And it takes a lot to think about it that way, to reframe. To not live in a state of "AUGH WHERE IS THE FAST-FORWARD BUTTON". I'm used to needing to work fast, go fast, get things done now now now. But August was one long pause.
So I reframed. I slowed down. I have had a lot of impatience, still. But I made myself see this as a set of opportunities.
Elayna got a lot done this past week, especially, and that's partly because I was able to be patient and match her pace. When I'm cleaning, I tend to take multi-hour chunks and Do All The Things. She's easily overwhelmed, and needs to be able to pause and take breaks, sometimes needing a few days to do something that I'd do in a few hours. We have had, in the past, a pattern that helps no one: She lets things pile up into a towering insurmountable mess, I repeat "clean your room/desk" at her periodically for a few weeks, she can't do it because she's overwhelmed and can't figure out where to start, I end up snapping at her and Adam (who is very similar to her in this regard) and becoming Tyrant Mom because I cannot deal with the level of mess, and then everyone in the house is angry and miserable.
Part of the problem I've had with helping her is that she really needs someone in the room with her the entire time. Not to do things for her, but to guide her. So this means days of me not getting any of my own stuff done, and days of standing in her doorway saying variants on "Okay, you spend a lot of time looking for $ITEM - where do you think would be a more intuitive place to keep it?" and "Do you still use $ITEM? Not since Georgia? Okay, let's donate that to charity." And every so often, she turns her pleading eyes up to me and, regarding some task, says "I just can't - can we do that part tomorrow?" and instead of saying "Dude, that will take 15 minutes, just do it," I have to say "Okay."
And we made it work; I allowed her her own pace, and she did do the things she was putting off when she said she'd do them, which has classically not been the case for her. Her nightstand is clear and she can find things, everything is tidy, everything is in a sense-making place. Her desk is really clean and set up in a way that makes sense to her for the first time in maybe years, and she's working at it. We looked at a lot of options for managing her school stuff (her biggest problems: tons of messy notebooks, not writing down assignments, leaving projects til the last minute), and she settled on having a three-ring binder with a section for each subject, and using two of the homework/life organizing forms that grntserendipity designed for her. (She's still carrying a spiral notebook as well, which I don't think is necessary, but it can be her security blanket. She's making a lot of changes. She's entitled.) We'll meet every Friday afternoon to go through her backpack and make sure her system is working for her. She decided that an hour of snack and decompression is sufficient, and thus she will start her homework by 4 every day. Also that she will begin big projects upon receipt, so she won't have that mounting dread as they come due.
This is my first downtime in over a month, this right now. It's the first time I'm not supervising Elayna or Adam. Lots of work is getting done around this house! Which is mostly because I have Been Sick for years, and only now am I well enough and have enough time to get things in order. Which is involving a lot of dismantling of layers of crud and bad habits. A lot. And doing so with a patience that does not come naturally.

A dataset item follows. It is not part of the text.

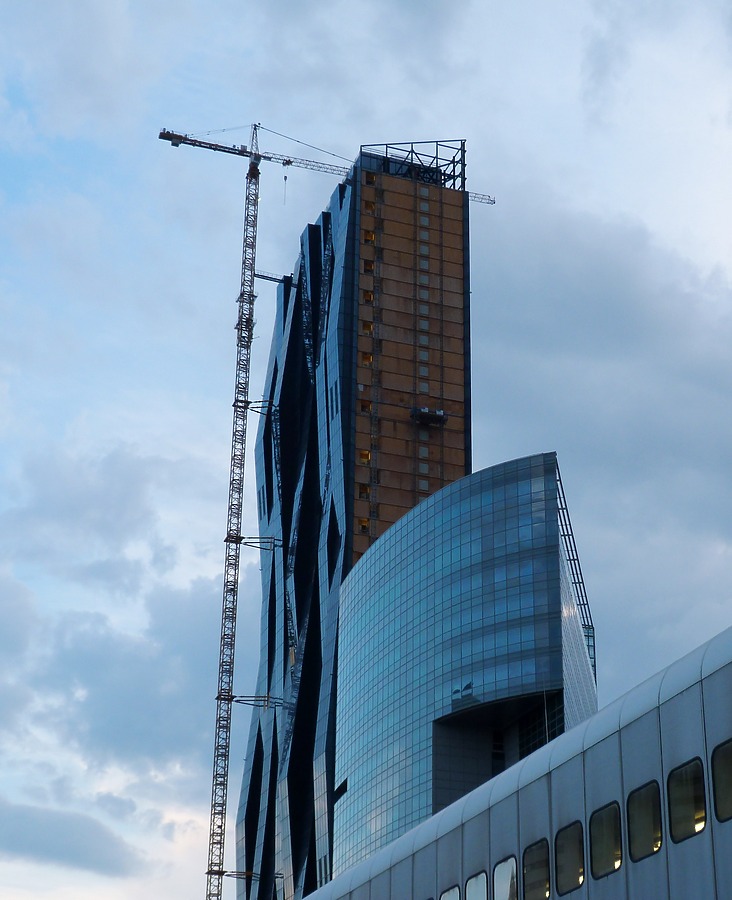 DC Tower 1 by Judikaƫl Ninon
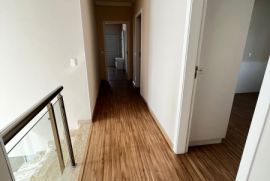 Casa de condomínio à venda Engordadouro com 366m² - 4 dormitórios -  vagas - R$ 2.350.000 - 1748365084-1a0cd450-11e4-4197-a511-723682a01ebf.jpeg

I'm not starting my own new schedule today, because Adam's taking tomorrow off to help get Tor to the vet for her X-rays. (Which means tomorrow is a Get Stuff Done day like whoa; donating books to the library, calling local comic shops to see if anyone wants to buy a fuckload of comics, list stuff on Freecycle, et cetera.) So today is an in-between day. I will do that hair treatment thing, I will knit some hexipuffs, I will bake bread, I will answer a bunch of e-mails, I will write something non-novel-y, and I will take apart my closet (because I know I have stuff lurking in there that I don't need).
Patience and slowness is hard. But I'm glad I was able to reframe this as an opportunity; it helped Elayna a lot, I think.